The Bulls and Butler cut off negotiations on a deal around Halloween, just before the deadline for 2011 draft picks to receive extensions. At the time, Butler said the decision to end the discussions came down to him "deciding that I want to bet on myself."
The move could pay off for Butler down the road, as Golliver pointed out.
Upon further reflection, and advice from his agent Happy Walters, Butler decided to play out this season and test his earning potential next summer, when he will become a restricted free agent.
Market conditions certainly influenced that strategy: less-accomplished players like Kemba Walker ($48 million over four years) and Alec Burks ($42 million over four years) earned larger deals, while upper-echelon, two-way wings like Thompson ($70 million over four years), Gordon Hayward ($63 million over four years) and Chandler Parsons ($46 million over three years) all struck gold.

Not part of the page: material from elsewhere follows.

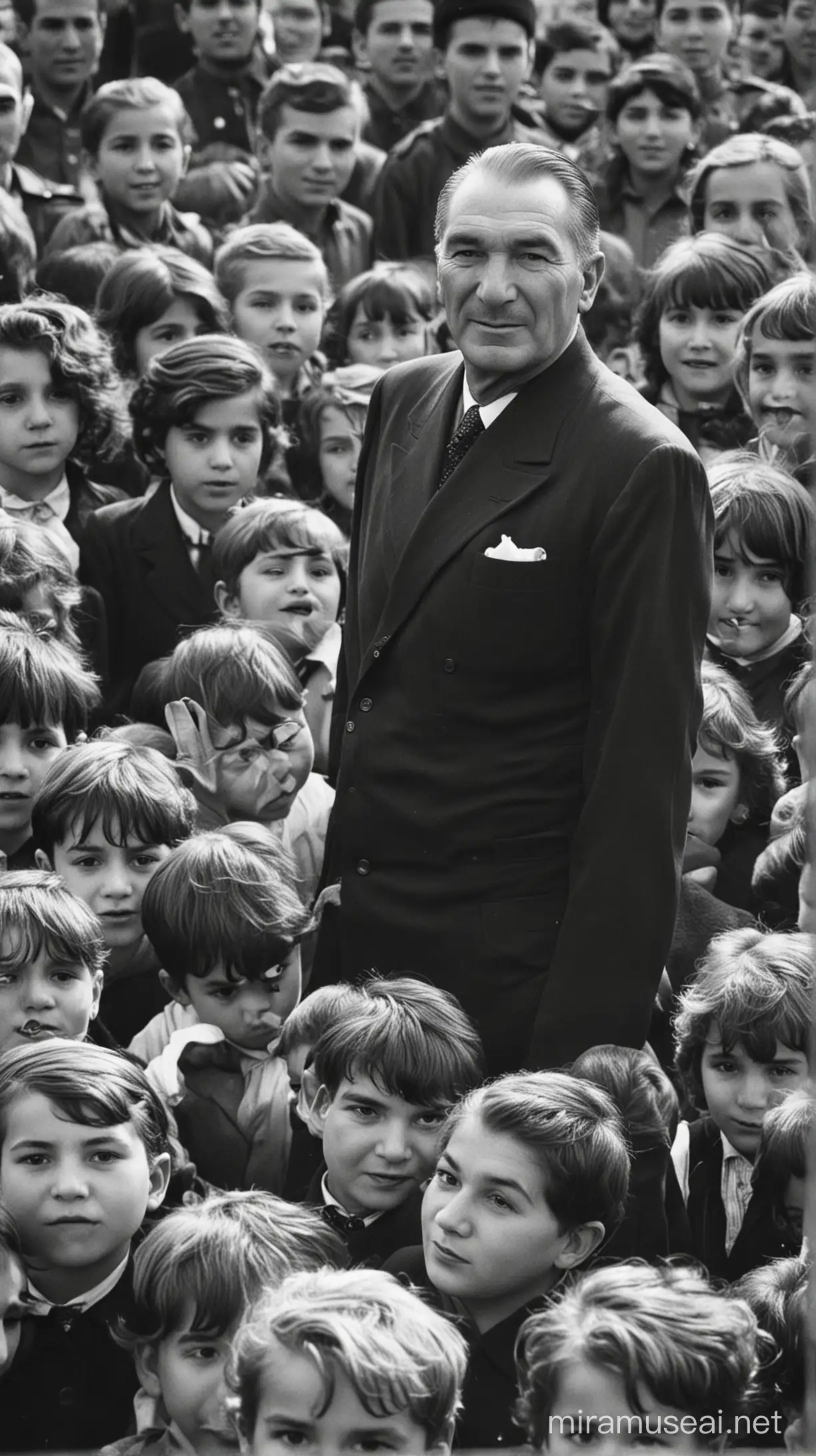 Atatürk, who is looking through the children.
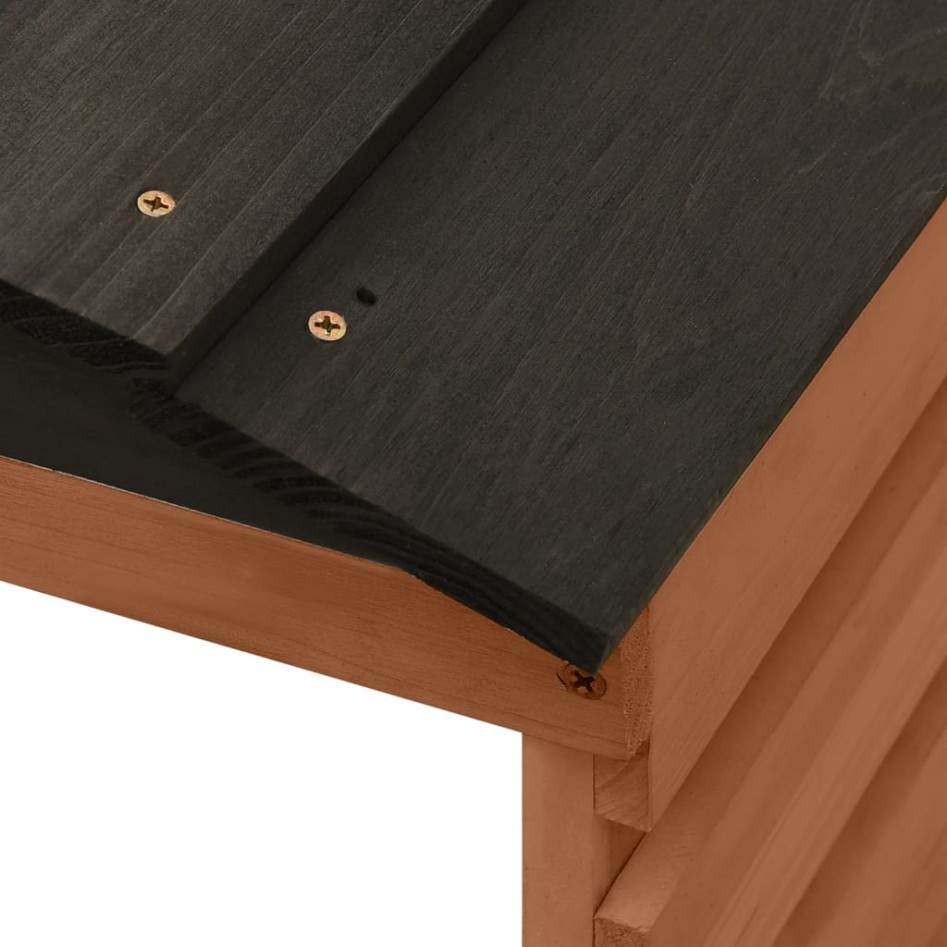 Caseta de cortacésped robótico negro y marrón 78x74x54 cm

Through Chicago's first 16 games, Butler is leading the team in points per game (21.6) and also averaging 6.1 rebounds and 3.2 assists. The fourth-year player out of Marquette also leads the league in minutes played per game at 39.2.
Butler, 25, signed a four-year, $5.21 million contract after the Bulls drafted him 30th overall in 2011. He's currently earning $2 million in the fourth year of that deal. The Bulls will be able to match any offers he receives once Bulter hits restricted free agency next summer.